= DIRECTIONS =
Please print every line from the one containing "Japan Sanrio Shirt" through the last line of the records below, exactly as written and nothing more.

= MATERIAL TO PROCESS =
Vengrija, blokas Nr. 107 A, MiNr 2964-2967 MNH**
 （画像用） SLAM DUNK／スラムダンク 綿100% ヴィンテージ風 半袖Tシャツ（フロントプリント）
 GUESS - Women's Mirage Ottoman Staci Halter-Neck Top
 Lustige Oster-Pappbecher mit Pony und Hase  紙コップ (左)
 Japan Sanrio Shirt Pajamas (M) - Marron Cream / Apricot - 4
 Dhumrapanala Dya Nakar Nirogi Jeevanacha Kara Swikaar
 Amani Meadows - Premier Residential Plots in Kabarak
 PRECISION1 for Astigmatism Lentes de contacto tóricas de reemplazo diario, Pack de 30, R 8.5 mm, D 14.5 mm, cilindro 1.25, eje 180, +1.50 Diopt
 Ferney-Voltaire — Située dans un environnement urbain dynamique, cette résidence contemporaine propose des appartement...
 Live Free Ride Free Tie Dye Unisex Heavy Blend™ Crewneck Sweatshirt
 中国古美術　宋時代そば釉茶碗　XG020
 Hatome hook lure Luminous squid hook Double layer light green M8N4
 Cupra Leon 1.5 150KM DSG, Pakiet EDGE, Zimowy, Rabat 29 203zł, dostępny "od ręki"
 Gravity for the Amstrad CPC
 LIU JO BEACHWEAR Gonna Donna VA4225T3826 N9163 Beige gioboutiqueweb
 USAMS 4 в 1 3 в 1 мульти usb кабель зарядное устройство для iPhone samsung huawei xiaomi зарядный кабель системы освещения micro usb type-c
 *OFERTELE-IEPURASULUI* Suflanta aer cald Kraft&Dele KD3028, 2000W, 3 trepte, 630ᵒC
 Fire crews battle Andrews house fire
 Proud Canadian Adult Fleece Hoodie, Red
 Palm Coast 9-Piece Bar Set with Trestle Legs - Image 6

= SOLVED EXERCISE =
 Japan Sanrio Shirt Pajamas (M) - Marron Cream / Apricot - 4
 Dhumrapanala Dya Nakar Nirogi Jeevanacha Kara Swikaar
 Amani Meadows - Premier Residential Plots in Kabarak
 PRECISION1 for Astigmatism Lentes de contacto tóricas de reemplazo diario, Pack de 30, R 8.5 mm, D 14.5 mm, cilindro 1.25, eje 180, +1.50 Diopt
 Ferney-Voltaire — Située dans un environnement urbain dynamique, cette résidence contemporaine propose des appartement...
 Live Free Ride Free Tie Dye Unisex Heavy Blend™ Crewneck Sweatshirt
 中国古美術　宋時代そば釉茶碗　XG020
 Hatome hook lure Luminous squid hook Double layer light green M8N4
 Cupra Leon 1.5 150KM DSG, Pakiet EDGE, Zimowy, Rabat 29 203zł, dostępny "od ręki"
 Gravity for the Amstrad CPC
 LIU JO BEACHWEAR Gonna Donna VA4225T3826 N9163 Beige gioboutiqueweb
 USAMS 4 в 1 3 в 1 мульти usb кабель зарядное устройство для iPhone samsung huawei xiaomi зарядный кабель системы освещения micro usb type-c
 *OFERTELE-IEPURASULUI* Suflanta aer cald Kraft&Dele KD3028, 2000W, 3 trepte, 630ᵒC
 Fire crews battle Andrews house fire
 Proud Canadian Adult Fleece Hoodie, Red
 Palm Coast 9-Piece Bar Set with Trestle Legs - Image 6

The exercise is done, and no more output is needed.